----- DATA EXTRACT -----
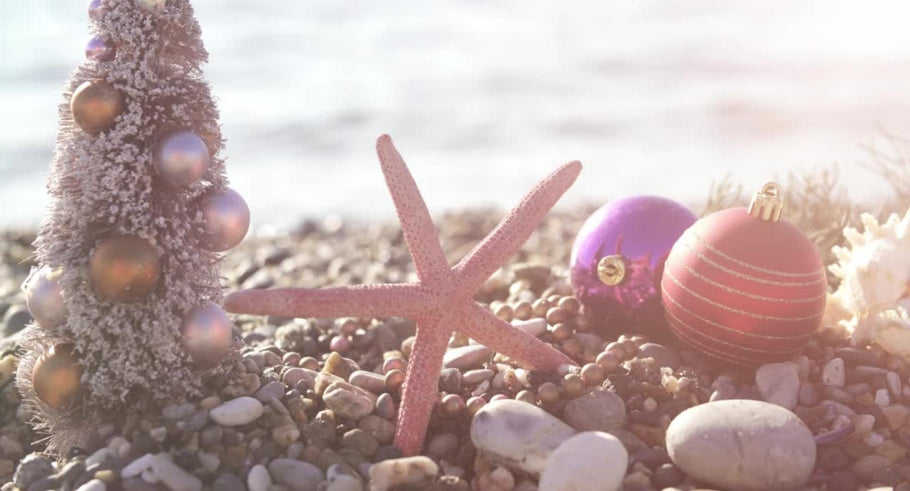 Dreaming of a Sandy Holiday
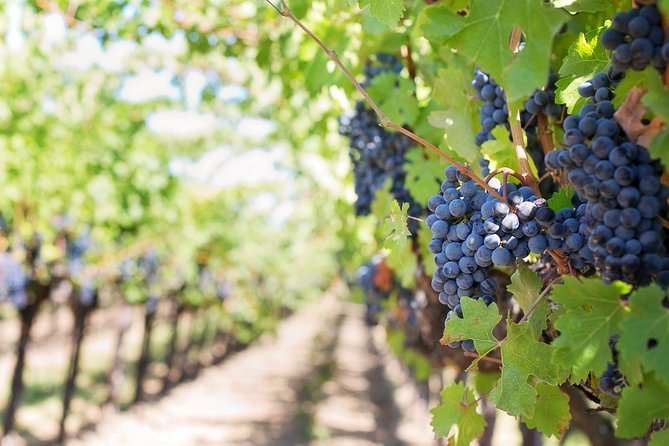 Peljesac Peninsula Wine Tasting Luxury Tour from Dubrovnik - Should you book this tour?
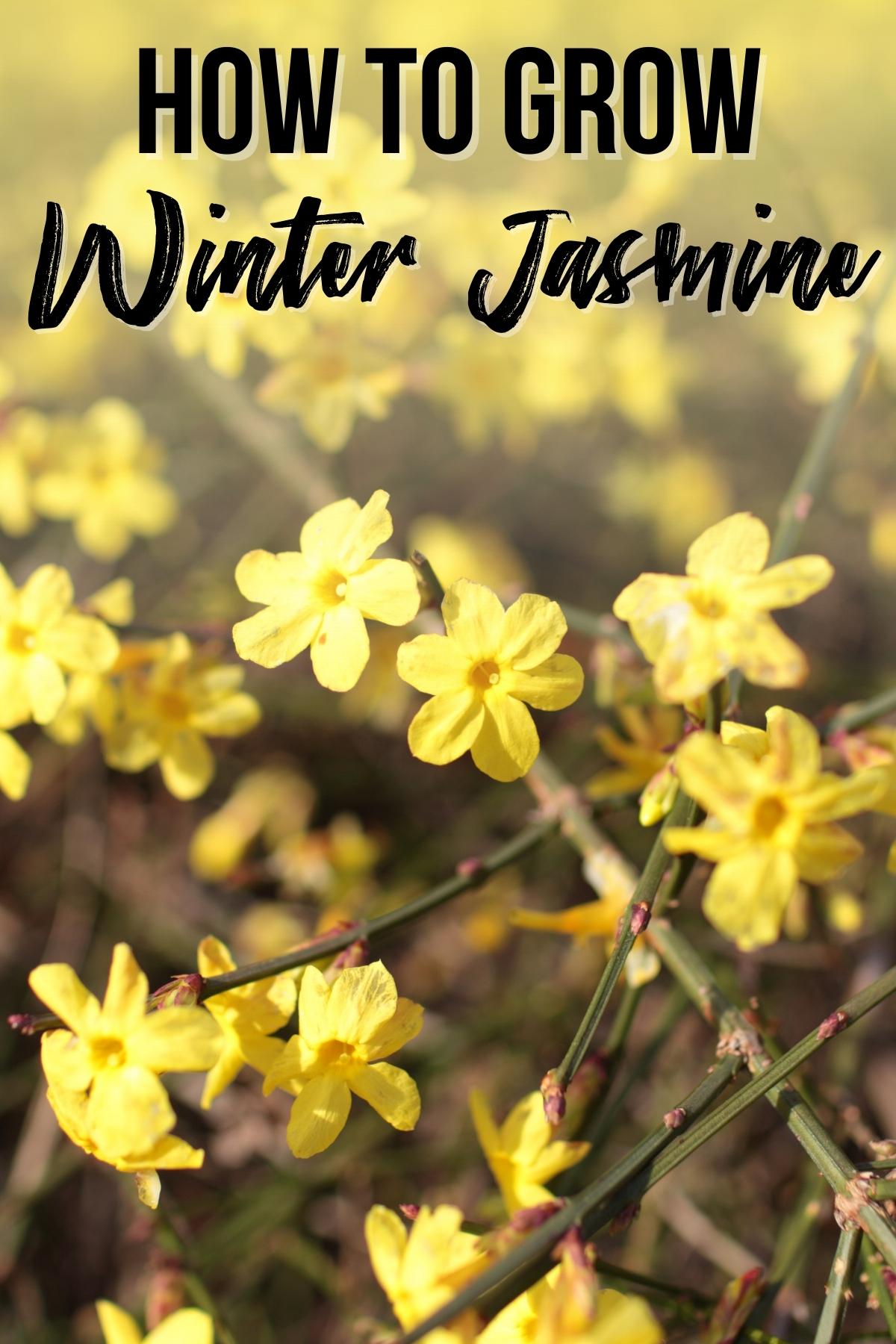 how to grow winter jasmine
-----
Give an exact copy of the listing above that leaves out every picture.

 Dreaming of a Sandy Holiday
 Peljesac Peninsula Wine Tasting Luxury Tour from Dubrovnik - Should you book this tour?
 how to grow winter jasmine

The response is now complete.